**YOUR INSTRUCTIONS:**
Write out exactly, with both ends included, the lines that run from the line containing "Tod\'s 8NXV1079 hnedá" to the end of the entries. Pictures are not part of the answer.
=== Section Start ===
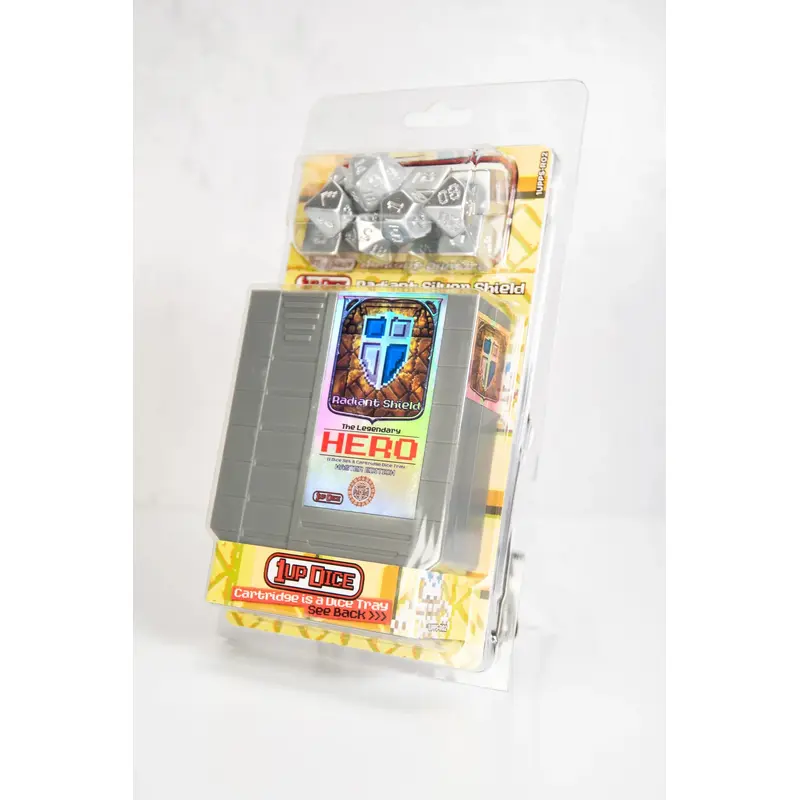 1UP Dice Polyhedral Set: Radiant Shield Silver Edition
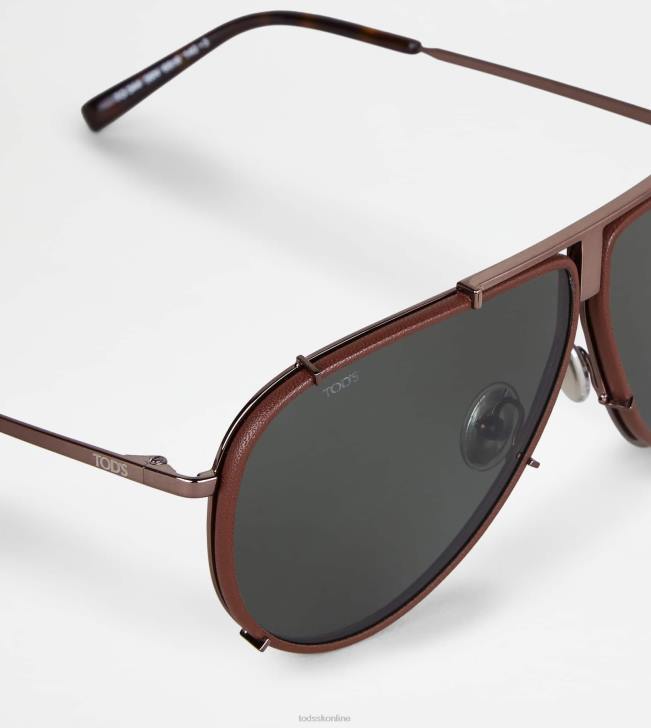 Tod\'s 8NXV1079 hnedá muži pilotné slnečné okuliare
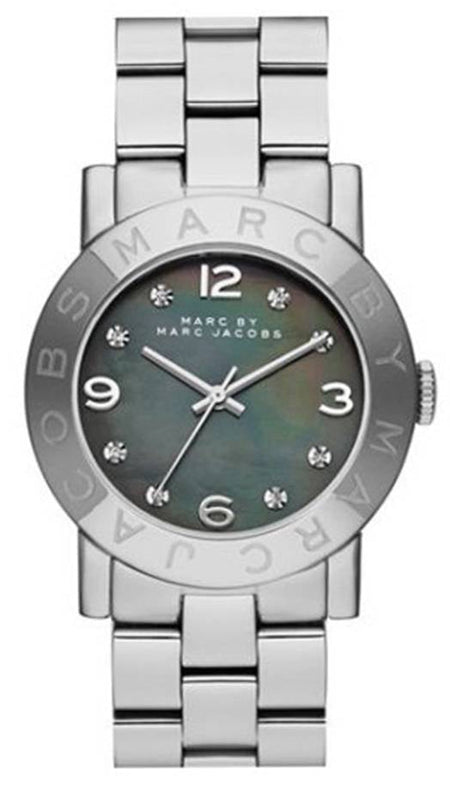Marc Jacobs Amy Analog Mother of Pearl Grey Dial Silver Steel Strap Watch for Women - MBM8608 Authentic Buy Shop Now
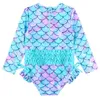 Ropa de baño BAOHULU Lindo niño bebé niña traje de baño de manga larga UPF50 Trajes de baño infantiles Traje de baño con volantes brillantes Ropa de playa para niños 230325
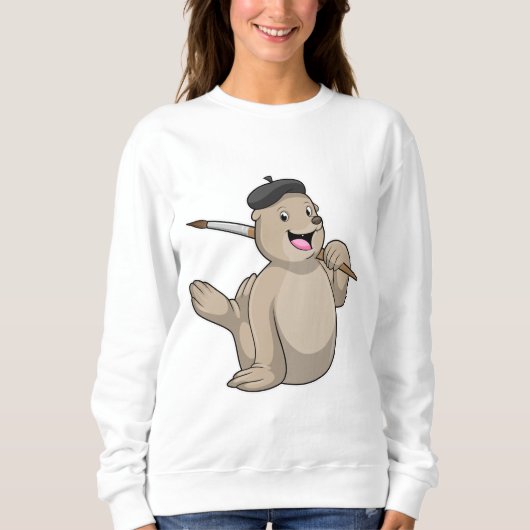 Sweatshirt Sceller comme peintre avec pinceau (Devant)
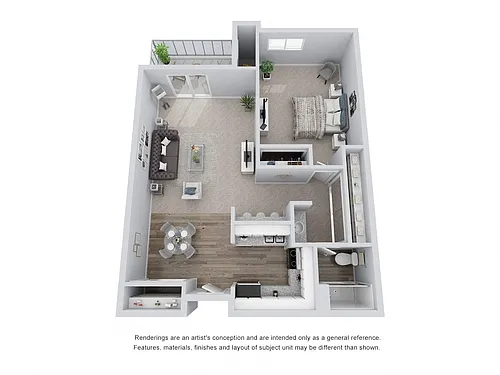 Floor plan A5: 1 Bed 1 Bath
=== Section End ===
**OUTPUT OF THE TASK:**
 Tod\'s 8NXV1079 hnedá muži pilotné slnečné okuliare
Marc Jacobs Amy Analog Mother of Pearl Grey Dial Silver Steel Strap Watch for Women - MBM8608 Authentic Buy Shop Now
 Ropa de baño BAOHULU Lindo niño bebé niña traje de baño de manga larga UPF50 Trajes de baño infantiles Traje de baño con volantes brillantes Ropa de playa para niños 230325
 Sweatshirt Sceller comme peintre avec pinceau (Devant)
 Floor plan A5: 1 Bed 1 Bath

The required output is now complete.